How can an Amazon headquarters work in Boston given our existing gridlock?

Folks here in Boston have been speculating about whether Amazon will choose to locate its second headquarters amidst our already-clogged roads, bringing 50,000 jobs and maybe 200,000 more cars (employee cars; family member cars; cars belonging to people in service businesses that will expand as a result of Amazon’s presence, etc.).

The most common response to this idea is wondering “how could it possibly work?” We are already short on housing. The streets are jammed from 7:00 am to 8:00 pm. The MBTA’s subway system is packed and the service is falling apart as the enterprise is buried in pension and health care expenses. Unless they build a 50-story campus that includes dormitories for all workers and their families, nobody can figure out where an Amazon headquarters could go that wouldn’t result in Mexico City-style traffic jams.
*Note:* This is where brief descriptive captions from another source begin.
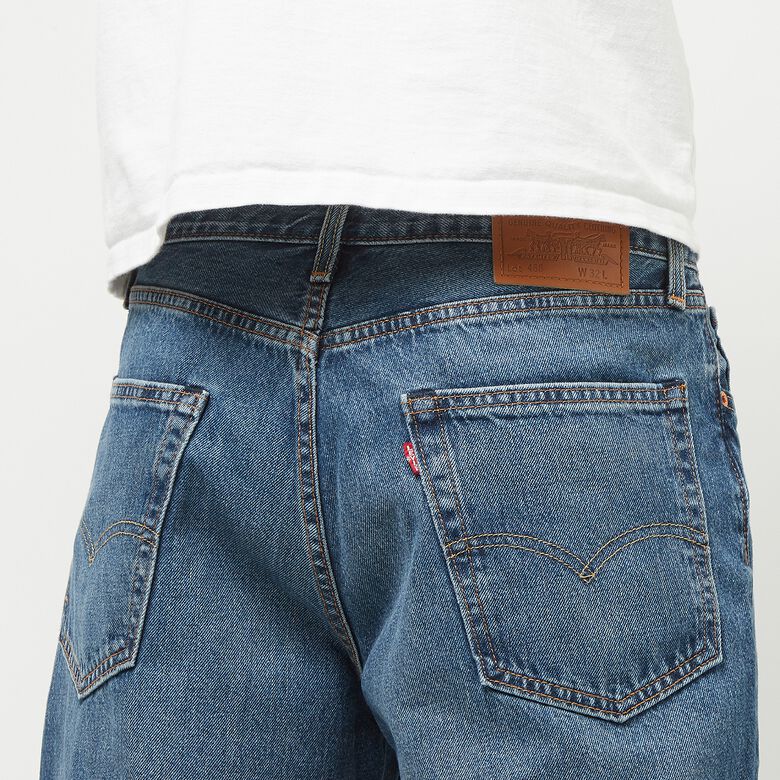 Levi's 468 Stay Loose Shorts dark indigo worn in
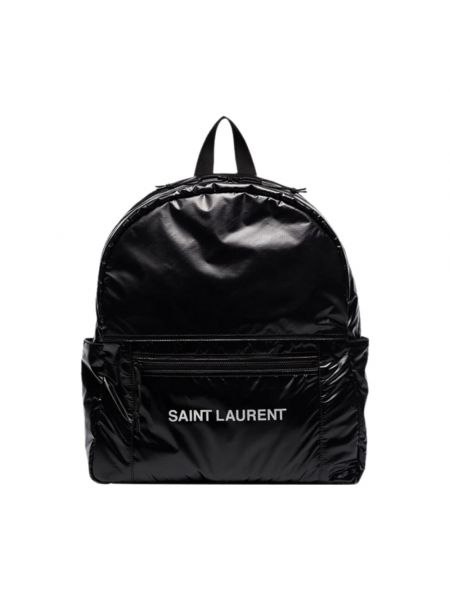 Czarny plecak Saint Laurent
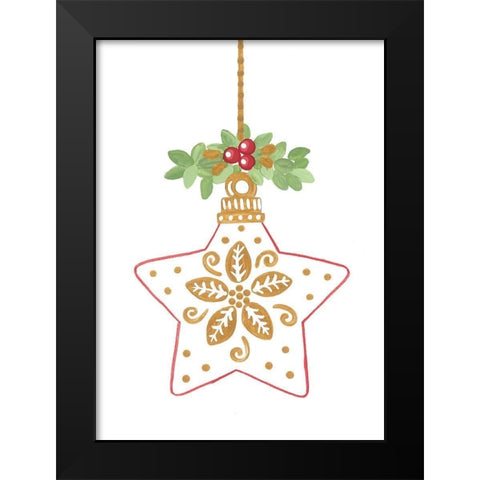 Its Christmas Hope Ornament Black Modern Wood Framed Art Print by LaPoint, Annie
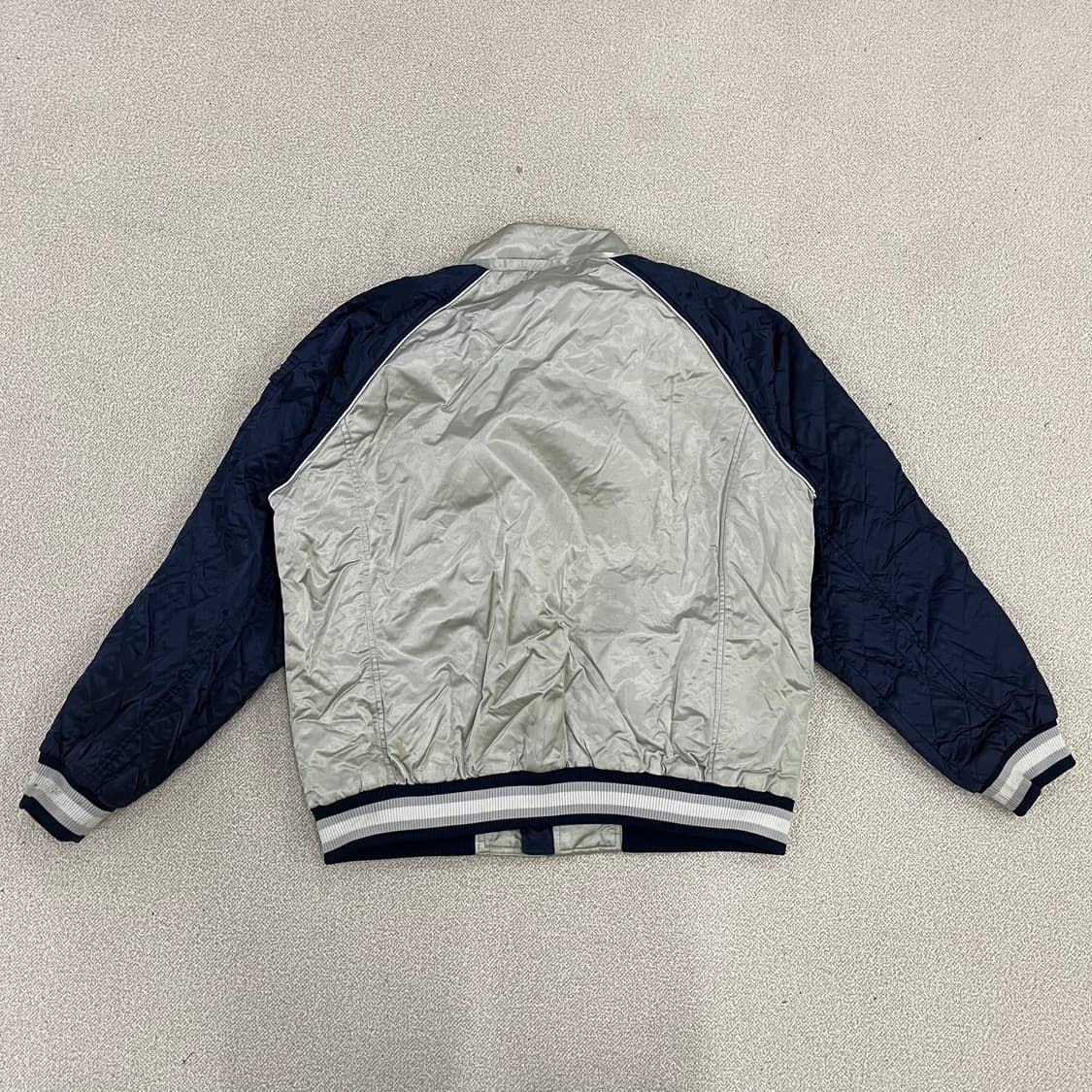 [XL] 후부 새틴 누빔 바시티 항공점퍼 자켓 0120M1 상품이미지4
The Amazon HQ2 response from Boston is 218 pages. The proposal stresses that Amazon won’t be plagued with a lot of stupid native-born white people: “55% of Bostonians are Hispanic or non-White” and “29% of Boston’s population is foreign born”. I think this is basically a lie because they’re drawing an artificial line around the city itself rather than considering the metro area. On the other hand, when the authors wanted to find some nerds they draw the line regionally, e.g., “With 130,660 workers in computer and mathematical occupations, the Boston MSA has the 7th highest number … amongst 34 comparable metropolitan areas.” What do these computer nerds and math geniuses read? Here’s what the merchandisers at a Cambridge Whole Foods thought would sell:

The proposal makes clear that there is nowhere near enough housing, talking about “53,000 new units of housing by 2030.” In other words, the Amazon workers would take up 100 percent of the new housing that has been contemplated! Another lie is that “1 in 5 households in Boston are affordable, making Boston a national leader.” I think this is only true because the city gives away free housing to people who don’t work. None of the Amazon workers, by definition, would be eligible for these units. Market rents in Boston are brutal.

It promises “A perfect, shovel-ready site with a single owner.” Where will this be? Not really in Boston, as it turns out. It will be the old Suffolk Downs horse racing site, which is technically in East Boston, but is mostly attached to Revere, Massachusetts, a separate city. The proposal is reasonably honest about this, saying that “the Site is adjacent to and accessible to established neighborhoods of East Boston and Revere.” The proposal talks about MIT and Harvard graduates running around, but, unless you count trips to Logan Airport, most of these eggheads have never been to East Boston or Revere. Google says that this is a 50-minute trip from Harvard Square by T.

The Blue Line train is disclosed as having 71,000 passengers per day right now. How would it not collapse with tens of thousands of additional riders?

One group of folks that should be supporting this move are divorce litigators here in Massachusetts. The probability of a divorce lawsuit goes up dramatically as the potential profits from the lawsuit are increased. Washington State family law provides for much more limited profits than Massachusetts. A plaintiff cannot collect child support revenue in Washington after children turn 18; the cash continues to flow in Massachusetts until children turn 23. It is tough to get more than about $22,128 per year for a single child in Washington State; the plaintiff who can get custody of the same child in Massachusetts might win $100,000 per year (tax-free) in child support. A Massachusetts plaintiff is more likely to win “primary parent” status than in Washington State.  Alimony lawsuits in Washington are also less lucrative, in general than in Massachusetts. In short, any Amazon employee who moves from Washington to Massachusetts and is the higher-earning spouse will face a higher statistical chance of being sued by his or her spouse. The Amazonian could try to protect himself or herself by settling in less-plaintiff-friendly New Hampshire, but the commute to Revere/East Boston would be brutal.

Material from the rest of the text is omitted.